Lo scienziato oggi

Vincenzo Balzani:

Lo scienziato oggi

La frattura fra cultura umanistica e cultura scientifica è stata discussa una cinquantina d’anni fa dallo studioso inglese C.P. Snow, che in modo provocatorio chiedeva ai suoi amici scienziati se avevano mai letto Shakespeare e ai suoi amici umanisti se sapevano cos’è il secondo principio della termodinamica. Secondo Snow la frattura fra le due culture deriva dal fatto che gli scienziati hanno, per natura, il futuro nel sangue, mentre gli umanisti auspicano che non ci sia futuro perché i loro occhi sono rivolti al passato. Non credo che si possa condividere questo giudizio.

Che ci sia una frattura fra cultura umanistica e cultura scientifica e anche fra le varie aree all’interno delle due culture è tanto evidente quanto inevitabile. Quando a Bologna nel 1088 è stata fondata la prima università e ancora, più o meno, per altri cinque secoli, la scienza era ben poca cosa: a quel tempo gli scienziati sapevano quasi niente, ma potevano parlare quasi di tutto. Poi la situazione col passare degli anni è profondamente mutata. Il campo si è molto allargato e differenziato così che oggi, se si vuole scoprire o inventare qualcosa, bisogna fare ricerca in settori molto specifici, per cui si finisce per sapere quasi tutto, ma di quasi niente. E quando si parla di quel quasi niente che è il proprio campo di ricerca, bisogna spesso usare un linguaggio tecnico che quasi nessuno capisce.

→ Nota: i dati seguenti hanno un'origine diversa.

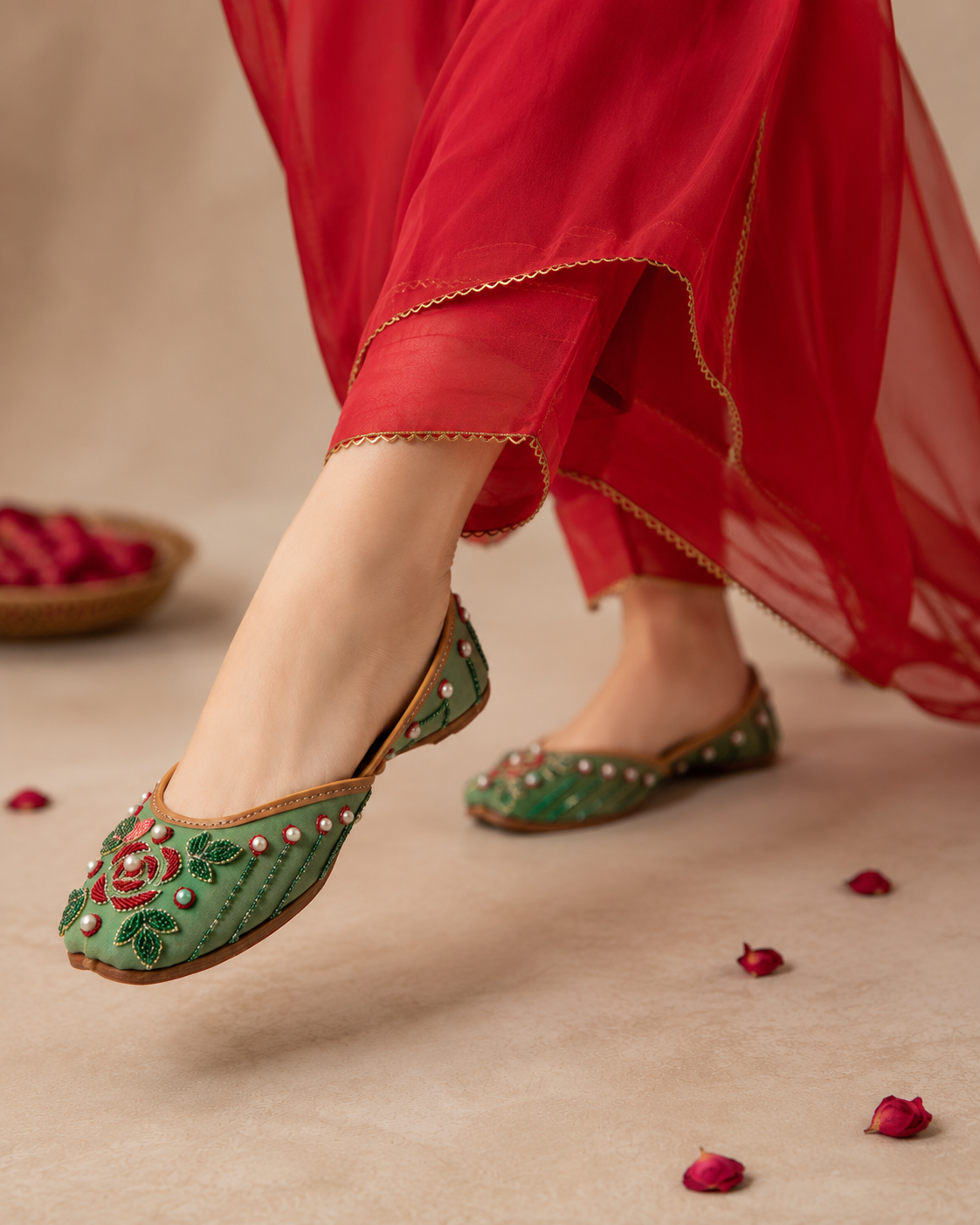 Chaaya : Green (Jutti)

Il discorso, però, non finisce qui. Il vero scienziato, oltre ad avere una conoscenza molto approfondita del suo specifico settore di ricerca, che gli permette di scoprire o inventare cose nuove, deve mantenere contatti con le altre aree della scienza e con la cultura umanistica. Se non lo fa, se si chiude nel suo laboratorio o nella sua biblioteca, finisce per perdere interesse anche nei confronti della società e del mondo in cui vive. Queste persone non dovrebbero essere chiamate scienziati: per essi proporrei il nome di ricercatori settoriali.

Per lo scienziato, futuro, presente e passato sono ugualmente importanti. Lo scienziato ha il futuro nel sangue quando esplora l’ignoto con idee o esperimenti nuovi; ma per farlo, deve conoscere il passato. Galileo, riferendosi ad Aristotele diceva: “Io vedo più lontano perché sono salito sulle spalle di un gigante”. Anche oggi, per scoprire od inventare, bisogna salire sulle spalle di quel gigante che è la conoscenza fin qui accumulata; e non solo nel proprio settore, ma anche in quelli confinanti in quanto è provato che il progresso della scienza avviene particolarmente nelle aree di contatto delle varie discipline. Guardando lontano dalle vette della conoscenza, lo scienziato, per scegliere la direzione in cui procedere per scoprire od inventare, deve avere nel cuore il presente: ad esempio, il grido dei poveri, lo spreco dei ricchi, il respiro affannato di un pianeta ormai troppo sfruttato, la speranza che ci viene dall’energia che il sole continuerà ad inviarci regolarmente per miliardi di anni.

 

Un pensiero su “Lo scienziato oggi

  1. Faccio mie queste parole. Premetto che non sono un chimico – in chimica ero, anzi, piuttosto mediocre – ma un giornalista che si occupa di attualità e storia, mediante articoli di analisi. Tempo fa, in rete, capitai in un blog di antiAGW ove un tizio, che si spacciava per climatologo o qualcosa di simile (dopo una breve ricerca scopersi che ha n, 1 pubblicazioni con zero citazioni), pareva concludere che tutti i libri di testo in quella materia raccontano frottole. Atteggiamento che si commenta da solo. Lo stesso tizio asseriva, altrove, naturalmente, che “gli arabi non hanno mai prodotto nulla di buono, ciò che viene loro attribuito è frutto di copiatura da altri popoli, precedenti o contemporanei”. La solita vecchia solfa antiaraba, e islamofoba, tuttavia, alla mia osservazione che gli indicava le pubblicazioni di storici dell’islam e islamisti che dimostravano l’erroneità della sua tesi, mi dette della mente bacata. Di nuovo, atteggiamento che si commenta da solo. Trattasi, forse, di un problema (del tizio in questione) che scivola in un territorio diverso da quello dell’ignoranza? Ad ogni modo, mi preoccupa non poco il fatto che nel nostro paese costui avrebbe conseguito un Dottorato di Ricerca (non un Phd come egli sbandiera) e, nel contempo, conservato atteggiamenti siffatti. Che il nostro sistema di istruzione sia da rivedere?